Unnamed: 0,rsi,side,log_ret,mom1,mom2,mom3,mom4,mom5,volatility,autocorr_1,autocorr_2,autocorr_3,autocorr_4,autocorr_5,log_t1,log_t2,log_t3,log_t4,log_t5,sma
2015-01-06 16:23:23.744,24.0,1.0,-0.001247,-0.001246,-0.00162,-0.001868,-0.003854,-0.004349,0.001183,-0.065977,-0.043867,-0.066452,0.117382,-0.0124,-0.000374,-0.000249,-0.001991,-0.000497,-0.000869,-1.0
2015-01-06 16:35:18.127,20.0,1.0,-0.000999,-0.000999,-0.001248,-0.002493,-0.002866,-0.003114,0.001158,-0.038315,-0.030594,-0.060636,0.170363,-0.046009,-0.00025,-0.001247,-0.000374,-0.000249,-0.001991,-1.0
2015-01-06 16:40:02.336,18.0,1.0,-0.0005,-0.0005,-0.001498,-0.001747,-0.002991,-0.003364,0.001159,-0.033713,-0.030061,-0.05116,0.170552,-0.044667,-0.000999,-0.00025,-0.001247,-0.000374,-0.000249,-1.0
2015-01-06 16:44:48.791,15.0,1.0,-0.001251,-0.00125,-0.001749,-0.002746,-0.002995,-0.004238,0.001169,-0.027737,-0.008073,-0.051415,0.187493,-0.041416,-0.0005,-0.000999,-0.00025,-0.001247,-0.000374,-1.0
2015-01-06 17:09:12.134,12.0,1.0,-0.002131,-0.002129,-0.002129,-0.001253,-0.002503,-0.00375,0.00118,-0.003244,-0.06548,-0.000985,0.208039,-0.032036,0.0,0.000877,-0.001253,-0.001251,-0.0005,-1.0


2015-01-06 16:23:23.744    0
2015-01-06 16:35:18.127    1
2015-01-06 16:40:02.336    1
2015-01-06 16:44:48.791    1
2015-01-06 17:09:12.134    1
Name: bin, dtype: int64

a) Derive the performance from a 10-fold CV of a RF classifier on (X,y) without shuffling

In [31]:
clf = RandomForestClassifier(**rf_cfg)

cv_spec = KFold(n_splits=10, shuffle=False)
scores = cross_val_score(estimator=clf,
                        X=X,
                        y=y,
                        cv=cv_spec)
scores.mean()



0.5096065766294775

b) Now do the same with shuffling

In [32]:
clf = RandomForestClassifier(**rf_cfg)

cv_spec = KFold(n_splits=10, shuffle=True, random_state=0)
scores = cross_val_score(estimator=clf,
                        X=X,
                        y=y,
                        cv=cv_spec)
scores.mean()


0.6133235466823252

**Important: The reason why the test MSE of CV with shuffling is higher is because of leakage!**

In a time series context, we are using information from the past to predict the future.
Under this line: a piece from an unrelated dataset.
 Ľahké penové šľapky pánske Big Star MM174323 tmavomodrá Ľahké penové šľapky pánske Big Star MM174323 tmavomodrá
By shuffling, we destroy the temporal structure. The train data set will have information relevant for the test data set, it will be able to peak into the future!

#### Now do purged CV

In [40]:
cv_gen = PurgedKFold(n_splits=10, samples_info_sets = samples_info_sets, pct_embargo=0.01)
scores = cross_val_score(estimator=clf,
                        X=X,
                        y=y,
                        cv=cv_gen)
scores.mean()

0.5011215502055196

Performance is lower because we prevent leakage, i.e. we remove training samples that share common information with test samples. Thus no information from the test set leaks into the training set.